« Je voudrais œuvrer pour tous les Egyptiens »

Nous reproduisons ci-après, avec son autorisation, un article du journal La Croix paru le mardi 12 mars 2013 (page 8, rubrique Monde) ; Crédit : œuvre d’Orient

 

Sa Béatitude Ibrahim Isaac Sidrak doit être intronisée ce matin en Égypte.
Il s’inquiète de la mise en place d’un régime théocratique islamique.
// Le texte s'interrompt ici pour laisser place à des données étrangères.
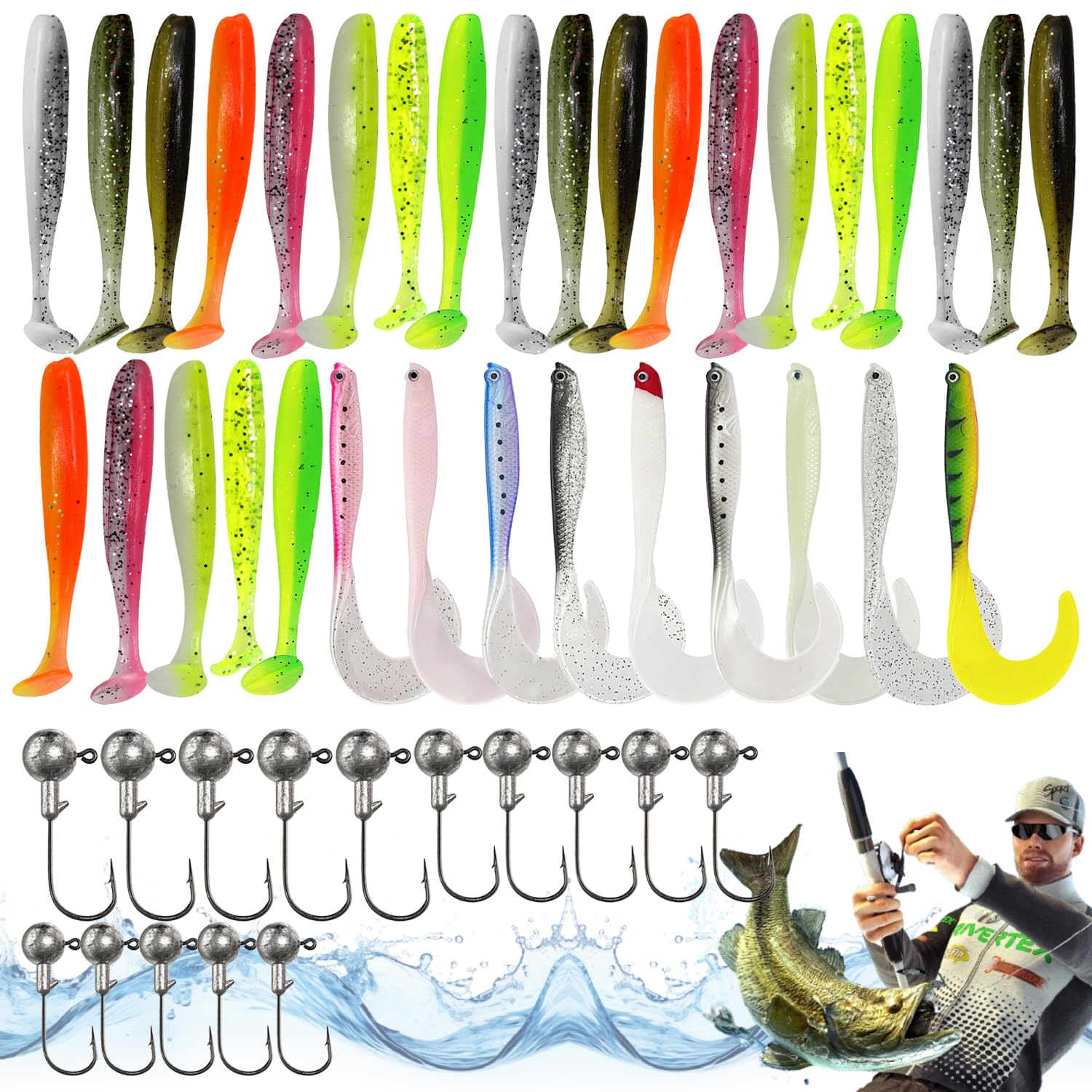 Señuelos Pesca Jig y Bait 48 Piezas 9cm 12cm 1g 2.5g Kit Spinning Lucio Black Bass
Béatitude, vous devenez à 57 ans le chef de l’Église copte-catholique, à l’heure où les Frères musulmans sont au pouvoir en Égypte. Les chrétiens sont inquiets…

 

Ibrahim Isaac Sidrak : Cela ne concerne pas que les chrétiens. Le Synode des évêques a examiné l’inquiétude, voire la peur, que cette époque confuse suscite dans le pays. Les Égyptiens s’interrogent sur leur avenir. Notre première mission est de les rassurer, de réconcilier.

 

Votre premier acte a été de signer les statuts du conseil des Églises, qui permettra aux cinq communautés chrétiennes d’Égypte d’exprimer une position commune sur le dialogue et la coexistence avec les non-chrétiens

 

I. S. : Cet événement religieux est le résultat de longues années de travail et de prière. Je suis venu moissonner. Je suis content de travailler avec le pape de l’Église copte-orthodoxe Tawadros II, un homme très ouvert, très disponible, qui souhaite un dialogue avec les différentes Églises. Il a accéléré la création de ce Conseil.

 

« Dieu ne nous a pas placés en Égypte par hasard. nous avons une mission à accomplir. »

 

cette union solennelle a été précédée par une décision commune des Églises de rejeter divers articles de la constitution rédigée par un comité d’islamistes

 

I. S. : Les Frères musulmans et le gouvernement s’occupent de leurs propres intérêts. Ils ont choisi les personnes susceptibles de les servir. Plusieurs membres de la commission constituante se sont retirés après avoir compris qu’ils servaient d’alibi. L’Église aurait dû le faire plus tôt.

 

La question de la charia a-t-elle été le problème principal ?

 

I. S. : Nous n’avons jamais eu de problème avec la charia, qui demeure, selon l’article 2 de la Constitution, « la source principale de la législation », et non pas la « source unique » comme on le redoutait. Mais l’interprétation de cet article 2 à travers le nouvel article 219, qui donne une interprétation rigoriste de la doctrine sunnite, a causé des problèmes. Les Église s’y sont aussitôt opposées.

 

Cette constitution pose-t-elle les bases d’un califat ?

 

I. S. : Le califat ne renaîtra jamais. Mais cette Constitution pose les bases d’un régime théocratique islamique.

 

L’opposition refuse tout dialogue avec le président morsi avant l’amendement de la constitution et la formation d’un gouvernement d’union nationale. Qu’en pensez-vous ?

 

I. S. : En tant que citoyen, j’espère que tous les Égyptiens parviendront à travailler ensembles. Mais les Frères musulmans veulent gouverner seuls. Qu’ils oeuvrent donc pour le bien du pays.

 

Dans un quartier copte à Balansora. « En tant que citoyen, j’espère que tous les Égyptiens parviendront à travailler ensemble », explique le patriarche.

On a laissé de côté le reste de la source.